Ultra-wideband (UWB) offers many advantages over narrowband. UWB operates by transmitting a sequence of very short pulses instead of a continuous wave. However, FCC regulations limit UWB transmissions at −41.3 dBm/MH, which allows for short range communications. The communications range for passive tags is limited mostly due to their forward link which is the powering link. To date there are no UWB passive tags with long range due to FCC limitations. The problem of UWB powering of RFID tags also applies to passive sensors and other passive electronic devices.

UWB “spotforming” can localize the energy transferred from multiple antenna arrays to a focal point of interest in both space and time. Spotforming is described in Dowla et al., “Spotforming with an Array of Ultra-Wideband Radio Transmitters,” Lawrence Livermore National Laboratory, UCRL-TR-202378, Feb. 17, 2004, which is herein incorporated by reference.

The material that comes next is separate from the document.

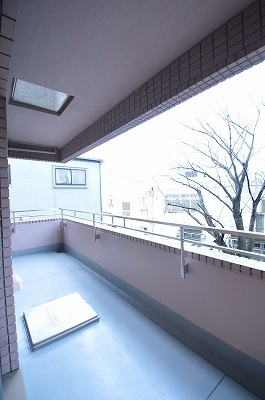 Balcony. Balcony is spread. There is distance and the front of the building of the eye.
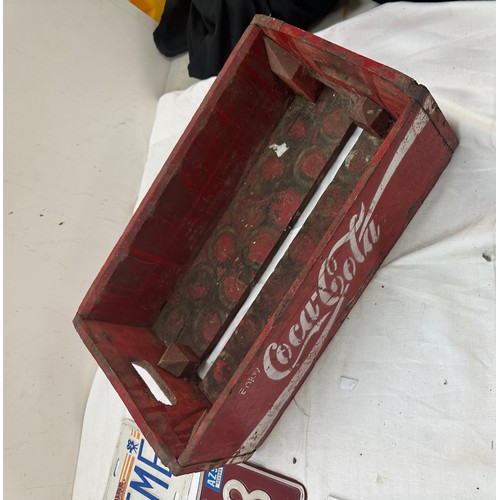 218 - Vintage wooden coca cola crate with 2 american number plate and a please keep off the grass sign cra...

Accordingly it is advantageous to provide for long range powering of passive tags, sensors, and other devices from a long distance while still meeting the FCC regulations

SUMMARY OF THE INVENTION

An aspect of the invention is an ultra-wideband (UWB) method of providing one or more passive electronic devices, remotely powering each device by providing a plurality of remotely located ultra-wideband transmitters, generating low duty cycle high-peak power ultra-wideband pulses from each transmitter, positioning multiple of the plurality of transmitters to transmit pulses to each device, the pulses from the multiple transmitters arriving at each device cumulatively combining to produce a power level to activate the device, and interrogating each activated device.

Another aspect of the invention is an ultra-wideband (UWB) remotely powered system, having one or more passive electronic devices, a plurality of remotely located ultra-wideband transmitters, each configured to generate low duty cycle high-peak power ultra-wideband pulses, multiple of the plurality of transmitters being positioned to transmit pulses to each device, the pulses from the multiple transmitters arriving at each device cumulatively combining to produce a power level to activate the device, and a reader positioned to interrogate each activated device.

BRIEF DESCRIPTION OF THE DRAWINGS

The accompanying drawings, which are incorporated into and form a part of the disclosure, illustrate an embodiment of the invention and, together with the description, serve to explain the principles of the invention.

FIG. 1 is a general block diagram of an Ultra-Wideband (UWB) powering system of the present invention using a plurality of UWB powering transmitters.

FIGS. 2A and 2B are general block diagrams respectively a UWB powering transmitter and a passive remote UWB RFID tag that may be used in the present invention.

FIG. 3 illustrates UWB spotforming with an array of transmitters.

FIGS. 4A and 4B respectively illustrate power transfer efficiency of remote RFID tags using continuous wave (CW) signaling and UWB signaling of the present invention.

FIGS. 5A and 5B are graphs (amplitude vs. time) of a transmitted UWB pulse designed to power up the remote passive devices of the present invention, and the voltage signal available in a circuit at a distance of 15 m.

DETAILED DESCRIPTION OF THE INVENTION

Referring now to the drawings, specific embodiments of the invention are shown. The detailed description of the specific embodiments, together with the general description of the invention, serves to explain the principles of the invention. All publications, patent applications, patents, and other references mentioned herein are incorporated by reference in their entirety. In case of conflict, the present specification, including definitions, will control.

General Description

Ultra-wideband (UWB) communication systems in general, employ very narrow (pico-second to nano-second) radio frequency (RF) pulses to transmit and receive information. The short duration of such wideband pulses provides very wide bandwidth (in the range of GHz) with a low power spectral density (PSD). The low PSD enables UWB signals to share the RF spectrum with currently available radio services with minimal or no interference problems. Therefore, no expensive licensing of the spectrum is required by use of such UWB systems. However, FCC regulations limit UWB transmissions to −41.3 dBm/MH, which allows for short range communications.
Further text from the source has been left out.